= Faroe-Shetland Basin =

Geological feature
The Faroe-Shetland Basin is a sedimentary basin formed by mainly Mesozoic rifting that lies between the Faroe Islands and the Shetland Islands. It has been the site of hydrocarbon exploration since the 1960s, with many significant oil and gas discoveries, including the Clair oilfield, which had an estimated 8 billion barrels of oil in place before production started, the Schiehallion oilfield and the Lancaster oilfield.

==Geometry==
The Faroe-Shetland Basin is a SW-NE trending rift basin that is divided into several sub-basins with intervening ridges and highs. The geometry is less clear on the northwestern side of the basin due to the presence of thick Late Paleocene flood basalts. Even where the lavas are absent the development of large sill complexes makes seismic imaging at deeper levels difficult.

==Tectonic development==
The first period of rifting identified in the area was during the Devonian as part of the development of the Orcadian Basin.

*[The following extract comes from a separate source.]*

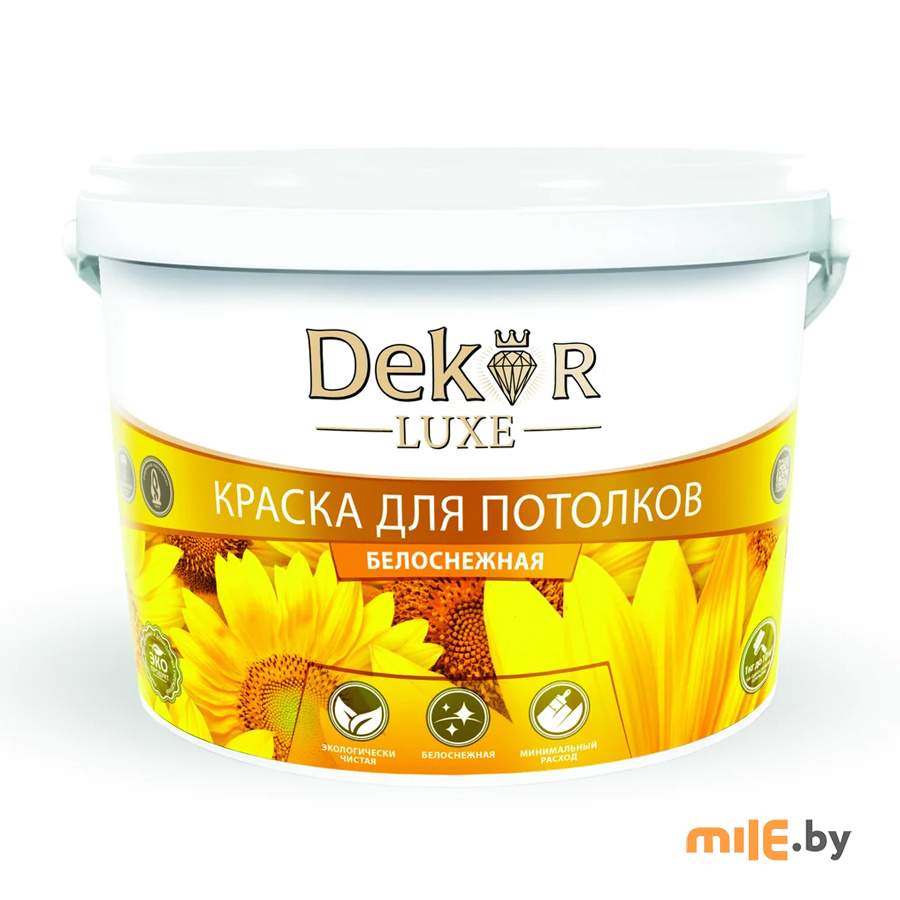 Краска Dekor ВД-АК 216 для потолков (14 кг, белоснежный)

Rocks of this age are known from parts of the Rona Ridge and the Corona Ridge. Rifting appears to have continued into the Carboniferous with rocks of this age also locally preserved above the Devonian. During the Permian to Triassic periods thick sequences of continental deposits were formed in a series of basins, such as the Papa Basin. The main period of rifting started during the Middle Jurassic, continuing into the Late Jurassic and possibly later. It was at this time that the Faroe-Shetland Basin took in its current shape. There was a further episode of rifting during the Late Cretaceous to Paleocene that locally modified the existing basins and formed new depocentres such as the Foinaven Sub-basin. At the end of the Paleocene, the area was affected by magmatism, part of the North Atlantic Igneous Province and a short-lived phase of uplift. The final phase of tectonics was localised inversion during the Eocene to Miocene that generated major anticlines.

==Hydrocarbon exploration==
Hydrocarbons have been discovered in reservoirs of Archean, Devonian, Carboniferous, Triassic, Jurassic, Cretaceous, Paleocene and Eocene age in a mixture of structural and stratigraphic traps.